It probably took a bit of convincing for man to turn wolves into dogs through domestication. At least this is not settled for debate: dogs branched from Eurasian grey wolves some 15,000 years ago. What’s less clear is where did this first happen. After embarking on a huge study which led them to analyze the genetic markup of hundreds of dog breeds, Adam Boyko at Cornell University thinks he’s finally got an answer: dogs were first domesticated in Central Asia, or in modern day Nepal and Mongolia.
Boyko and colleagues swabbed DNA samples from 4,500 dogs belonging to 161 breeds, but also from 549 “village dogs” – the strays, genetically impure and wild variety of dogs. In total, dogs from 38 countries had their DNA sequenced. This analysis suggests that East Asia, India and South-West Asia had the highest level of genetic diversity, giving confidence that dogs originated in what is now Nepal and Mongolia.
This far from the final word yet. Previous studies posited that dogs actually first appeared in Europe, others suggest Siberia as a more likely candidate. Boyko’s work, however, bears the largest population sample by far for such an investigation. “We cannot rule out the possibility that dogs were domesticated elsewhere and subsequently, either through migration or a separate domestication event,” Boyko said.
The earliest archaeological evidence of canine domestication can be traced to the Natufian Grave, (c. 12,000 BCE) discovered in Ein Mallaha, Israel, in which an old man was buried with a puppy. Other ancient findings suggest that dogs were ubiquitously seen as guardians and faithful companions, no matter the culture or time – just like today. For instance, in the Epic of Gilgamesh from ancient Mesopotamia one scene depicts the goddess Ishtar traveling with seven prized dogs.

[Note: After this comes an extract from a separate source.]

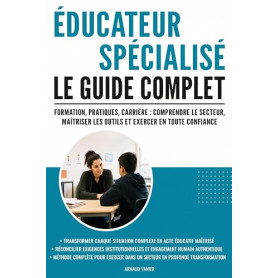 Éducateur spécialisé: Le guide complet: Formation, pratiques, carrière: comprendre le secteur, maîtriser les outils et exercer e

“The dog (Sumerian name, ur-gi; Semitic name, Kalbu) was one of the earliest domestic animals and served primarily to protect herds and dwellings against enemies. Despite the fact that dogs roamed freely in the cities, the dog in the ancient Orient was at all times generally bound to a single master and was cared for by him. Of course, the dog was also a carrion eater, and in the villages it provided the same service as hyenas and jackals. As far as we can tell, there were only two main breeds of dog: large greyhounds which were used primarily in hunting, and very strong dogs (on the order of Danes and mastiffs), which in the ancient Orient were more than a match for the generally smaller wolves and, for that reason, were especially suitable as herd dogs. The sources distinguish numerous sub-breeds, but we can only partially identify these. The dog was often the companion of gods of therapeutics. Although the expression `vicious dog’ occurred, `dog’ as a derogatory term was little used (91),” notes famed historian Wolfram Von Soden.
In Egypt, dogs were valued as part of the family and, when a dog would die, the family, if they could afford to, would have the dog mummified with as much care as they would pay for a human member of the family. In ancient Greek literature, the first mentions of dogs come under the three-headed dog Cerberus who guarded the gates of Hades. Dogs were the earliest animals domesticated in China (c. 12,000 BCE) along with pigs and were used in hunting and kept as companions. The blood of a dog was an important component in sealing oaths and swearing allegiances because dogs were thought to have been given to humans as a gift from heaven and so their blood was sacred. Today, the Chinese still spill the blood of dogs, but for less ritualistic purposes (i.e. feeding). Ancient Aztecs actually thought dogs predate humans. Moreover, the souls of those who died without proper burial, such as those who drowned or were lost in battle or died alone on a hunt, were found by spirit dogs who would ensure their safe passage to the afterlife.